Jeff Snyder said he is tired of living like a prisoner inside his home as drug dealers and prostitutes roam in his York city neighborhood.
In the past three years since moving to the first block of South Penn Street, Snyder said, he has called 911 repeatedly to report drug dealers to police.
Finally fed up at what he calls inaction on the part of authorities, Snyder placed a sign in his storefront window this week telling drug dealers they were free to sell all the crack they wanted because the city police will not do a thing about it.
"I am fed up. I am so stressed out. I am a prisoner in my own home," Snyder said Saturday.
The sign went up the day after, Snyder said, he witnessed a drug deal and wasn't happy with the police response.
At first, Snyder did not want his name associated with the sign. He, like many of his neighbors, are afraid of retaliation in a neighborhood where they often hear gun shots.

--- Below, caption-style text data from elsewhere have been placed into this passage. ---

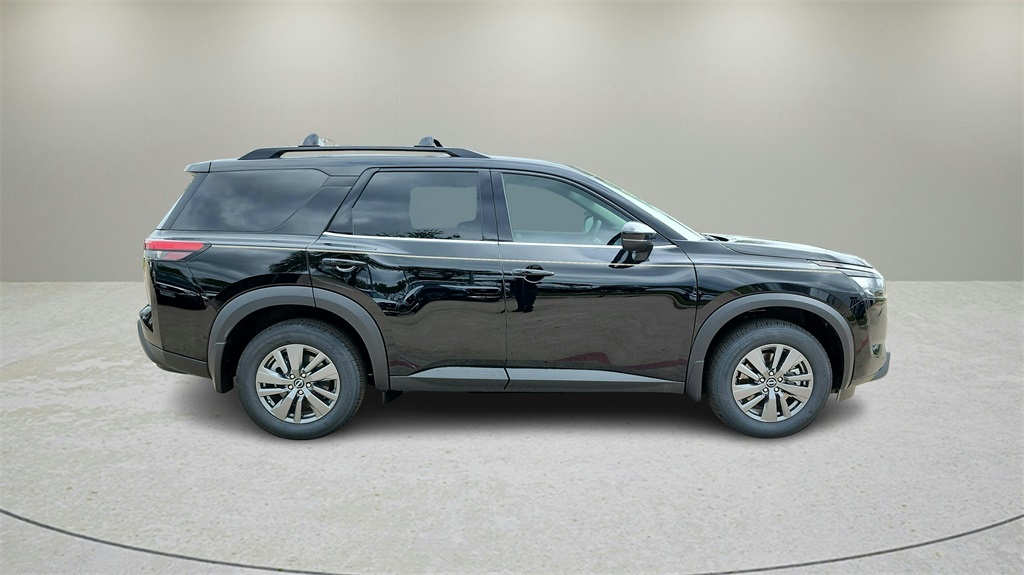 Vehicle image 4 of 35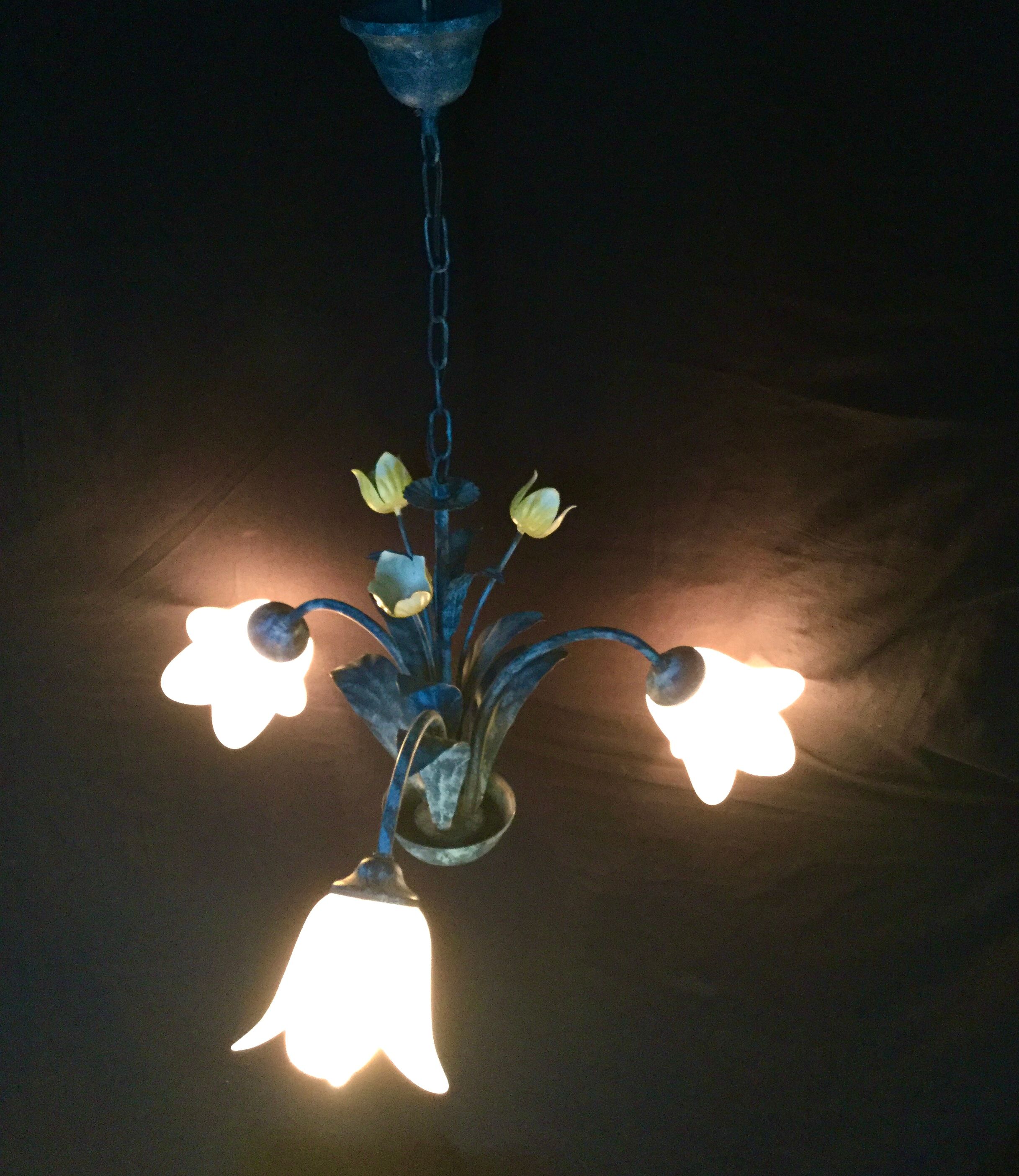 Lustre 3 blue flower lights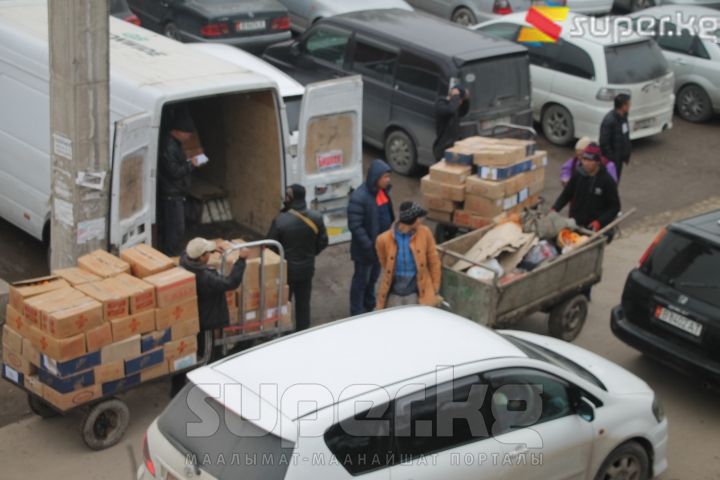 "Дыйкан" базарындагы жол тыгыны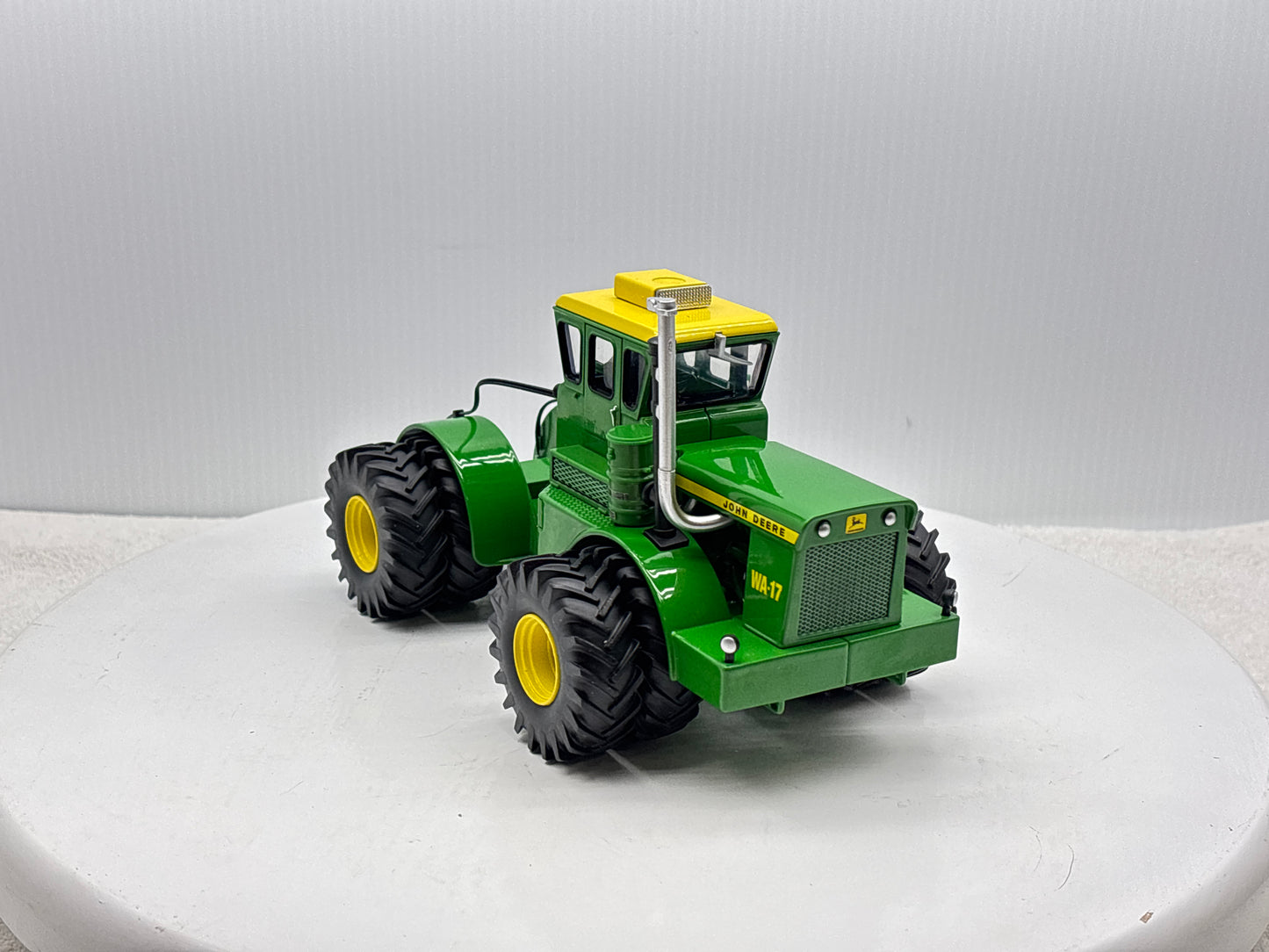 1/32 John Deere WA-17 Prestige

Snyder said he has a jar full of spent bullet shells he has collected off the sidewalk.
Snyder broke his silence Saturday after he walked out of a convenience store and a man he says is a crack dealer pointed his thumb and pointer finger at him as if it were a gun.
"I am scared out of my pants," Snyder said.

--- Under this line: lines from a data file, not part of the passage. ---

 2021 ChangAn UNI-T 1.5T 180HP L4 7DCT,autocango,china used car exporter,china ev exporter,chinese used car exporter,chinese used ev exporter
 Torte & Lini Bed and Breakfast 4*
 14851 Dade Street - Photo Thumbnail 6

York City Police Detective Andy Shaffer, who runs the city's vice unit, said last week that police spent a lot of time in the first two blocks of South Penn Street last year.

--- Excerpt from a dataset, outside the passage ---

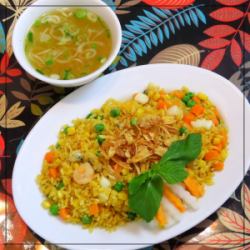海鮮と野菜のミックスチャーハン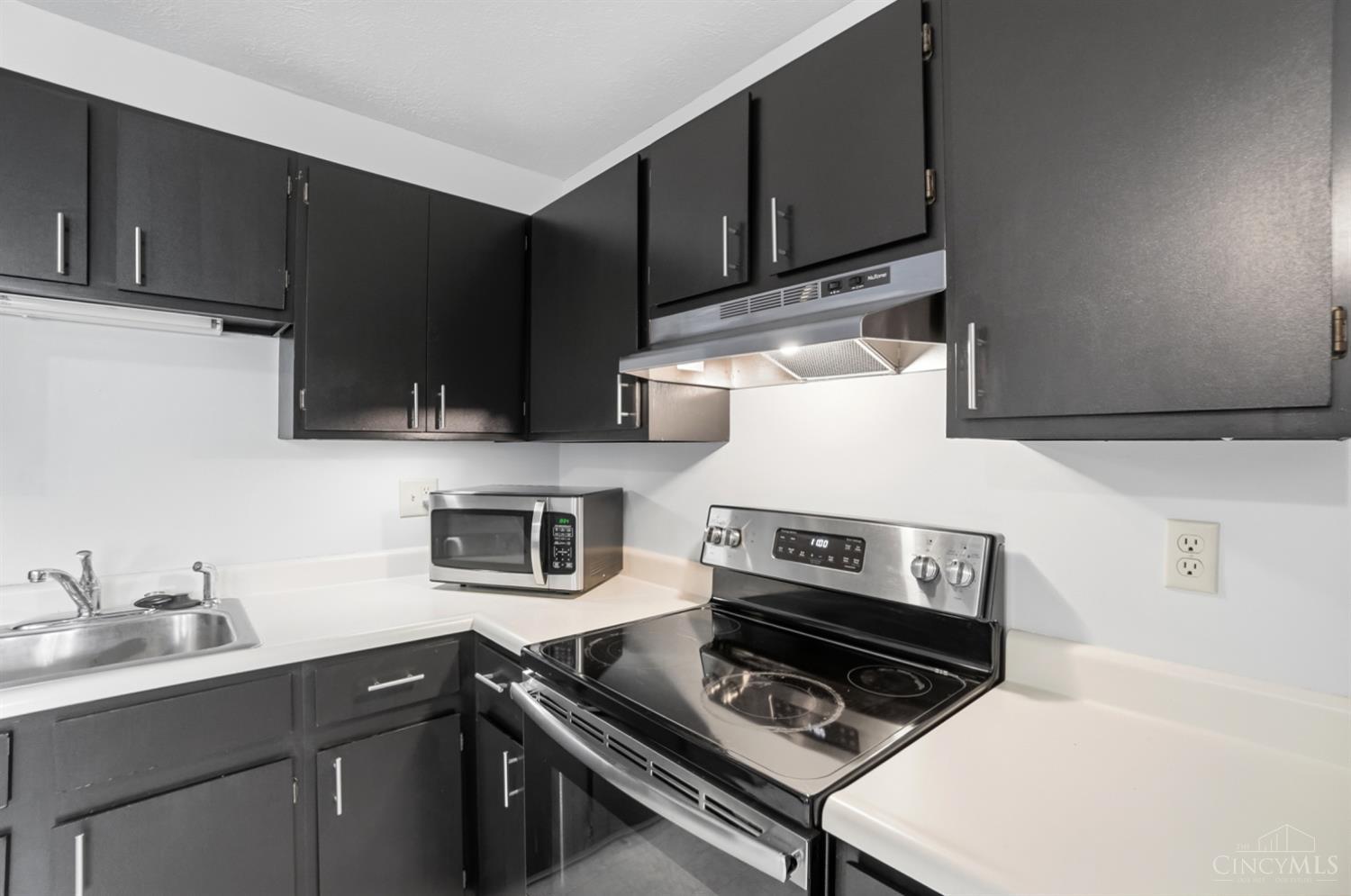 5210 Old Oak Trail 5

Police executed more than 10 search warrants for illegal drugs and made at least 25 arrests in those blocks, he said.
"We are still actively working it despite what the sign says," Shaffer said.
During a recent citywide drug operation, police said, they arrested Sihee Jamison, 21, in the 100 block of South Penn Street. Jamison was charged with delivery and possession with intent to deliver crack cocaine. Police seized $600 in cocaine and $1,300 in cash.
York City Police Capt. Wes Kahley said the neighborhood will be covered by a patrol unit dedicated to the city's west end, which will start in March.
Snyder made the original sign with white lettering on his glass storefront window. Then, he said, he watched from his third-floor window as somebody smashed his window with a brick.
He said he called 911 and gave a description of the man and the type of car he sped off in. He called 911 three more times Saturday when he saw the man back in the neighborhood and waited for police. The police did not come, he said.
Snyder said he bought the brick townhouse for $34,000 three years ago. He spent the past three years renovating the home.
He was hopeful of putting in an art gallery, featuring his ceramic and pottery crafts.
He is afraid his dream of a gallery is gone as long as drug dealers congregate outside his front door near the sign, which reads "Deer crack dealers, you kin sell crack on this block and the York police will not stop you."
The 54-year-old Snyder said the only way he will take the sign down is if the city replaced it with one-inch thick bulletproof glass.
"All that sign is doing is stating the conclusion of my experiment. This is the result of a statistical study I conducted over the past two years," Snyder said.